The entries below should be quoted exactly, with no pictures carried over.

STUDY MATERIAL START

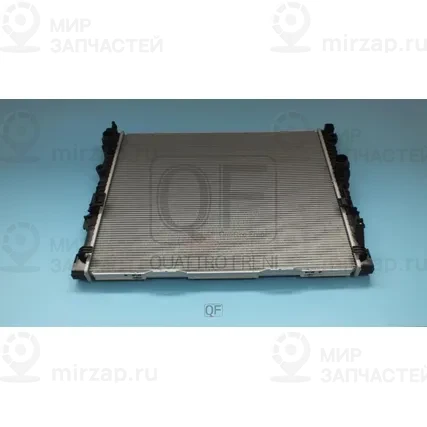 Запчасть QUATTRO FRENI QF55A00068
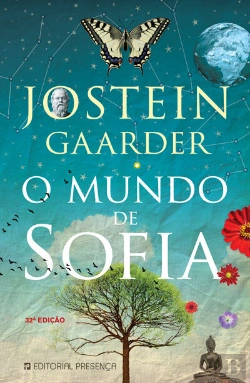 Bertrand.pt - O Mundo De Sofia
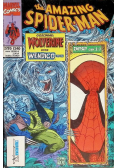 The Amazing Spider-man Nr 2 / 95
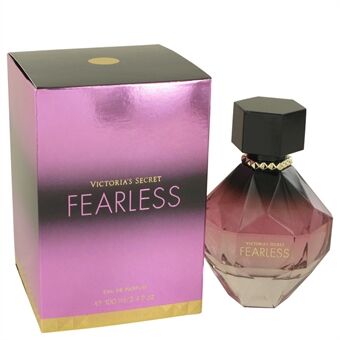 Fearless by Victoria\'s Secret - Eau De Parfum Spray 100 ml - for kvinner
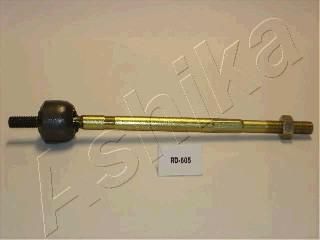 Ashika 103-06-605 осевой шарнир, рулевая тяга на DAIHATSU CHARADE III (G100, G101, G102)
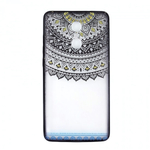 Чехол Кружево для Xiaomi Redmi Pro, 003852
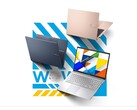 The new Asus Vivobook 15 (X1504) undercuts the 15-inch MacBook Air M5 while offering more ports.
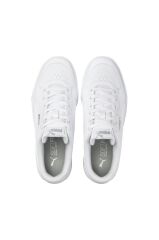 Puma Skye Clean Kadın Beyaz Günlük Ayakkabı 38014702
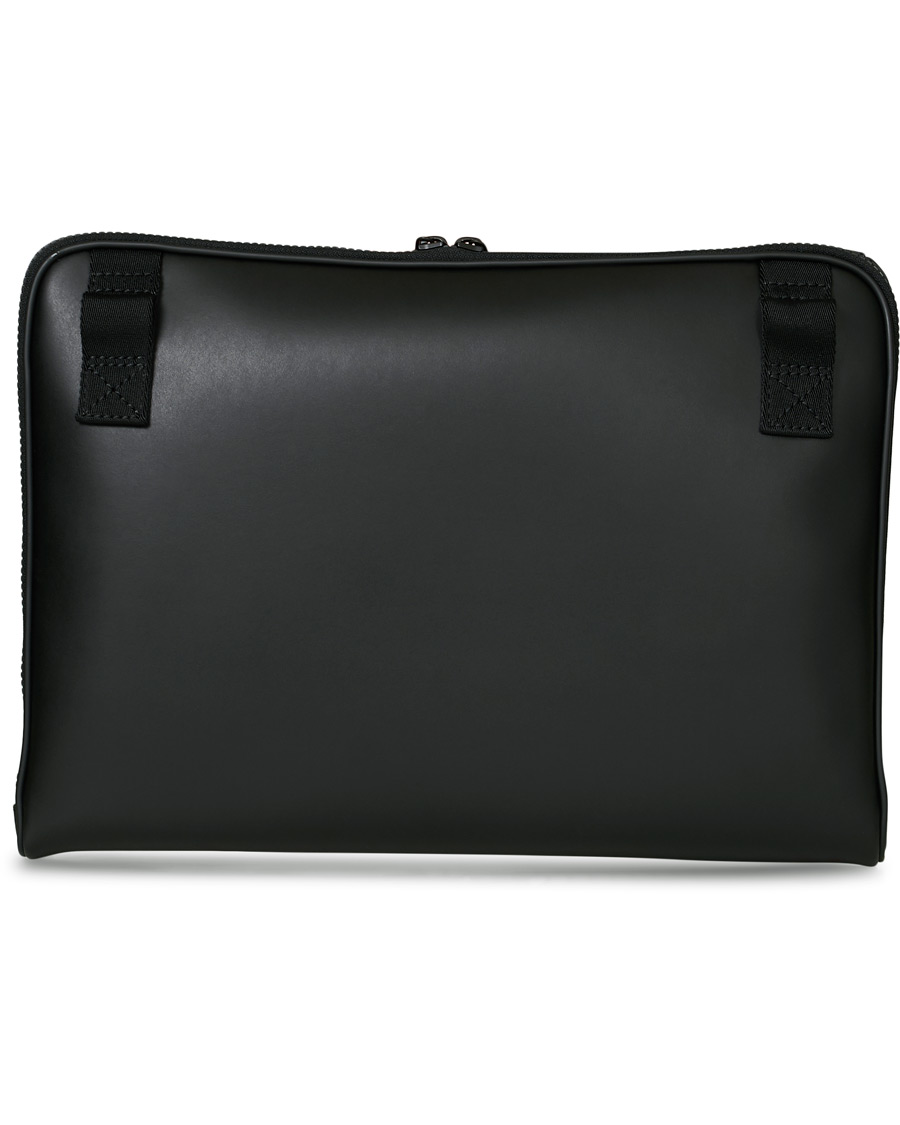 Herren | Montblanc Extreme 2.0 Laptop Case Black | Montblanc | Extreme 2.0 Laptop Case Black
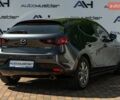 Серый Мазда 3, объемом двигателя 2 л и пробегом 127 тыс. км за 14999 $, фото 10 на Automoto.ua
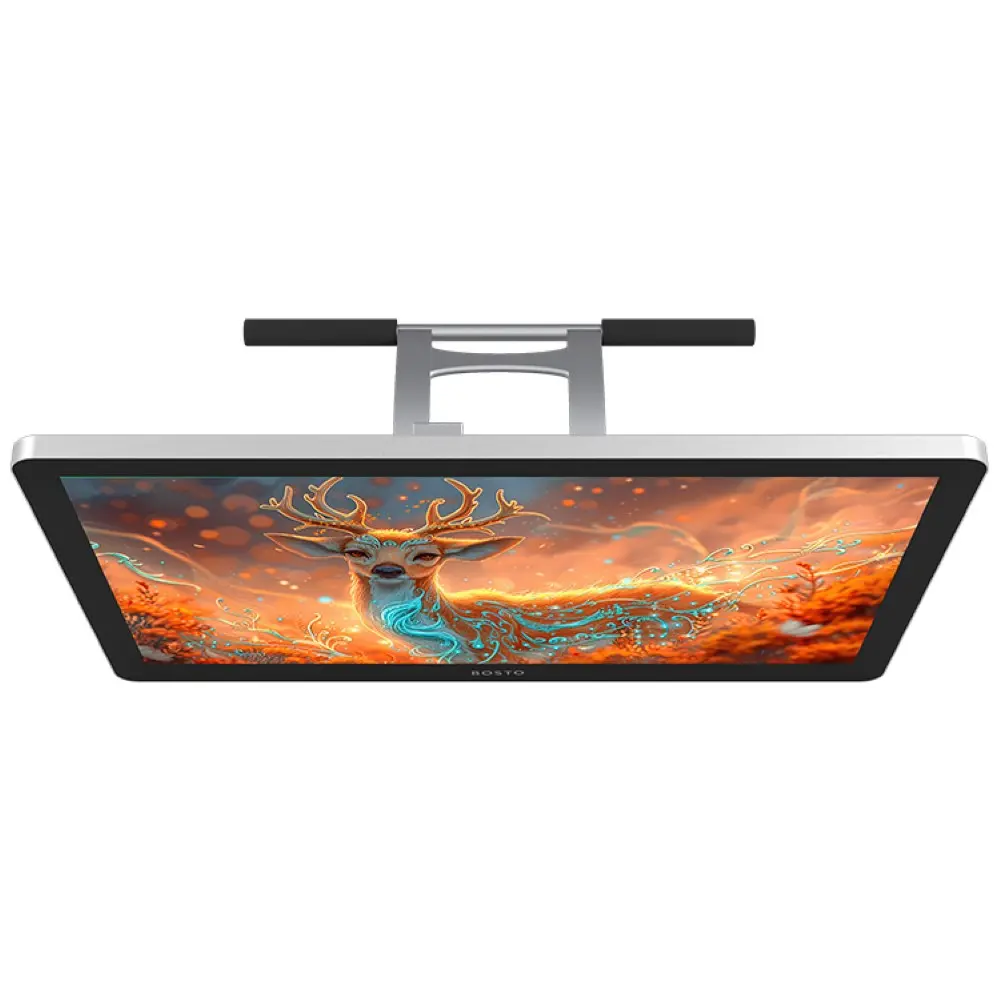 Tablet graficzny Bosto BT-19UHD Szary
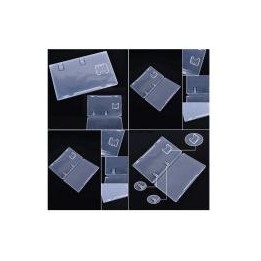 Estuche para juegos SWI (Pack 20 Uds)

STUDY MATERIAL END

EXPECTED ANSWER:
 Запчасть QUATTRO FRENI QF55A00068
 Bertrand.pt - O Mundo De Sofia
 The Amazing Spider-man Nr 2 / 95
 Fearless by Victoria\'s Secret - Eau De Parfum Spray 100 ml - for kvinner
 Ashika 103-06-605 осевой шарнир, рулевая тяга на DAIHATSU CHARADE III (G100, G101, G102)
 Чехол Кружево для Xiaomi Redmi Pro, 003852
 The new Asus Vivobook 15 (X1504) undercuts the 15-inch MacBook Air M5 while offering more ports.
 Puma Skye Clean Kadın Beyaz Günlük Ayakkabı 38014702
 Herren | Montblanc Extreme 2.0 Laptop Case Black | Montblanc | Extreme 2.0 Laptop Case Black
 Серый Мазда 3, объемом двигателя 2 л и пробегом 127 тыс. км за 14999 $, фото 10 на Automoto.ua
 Tablet graficzny Bosto BT-19UHD Szary
 Estuche para juegos SWI (Pack 20 Uds)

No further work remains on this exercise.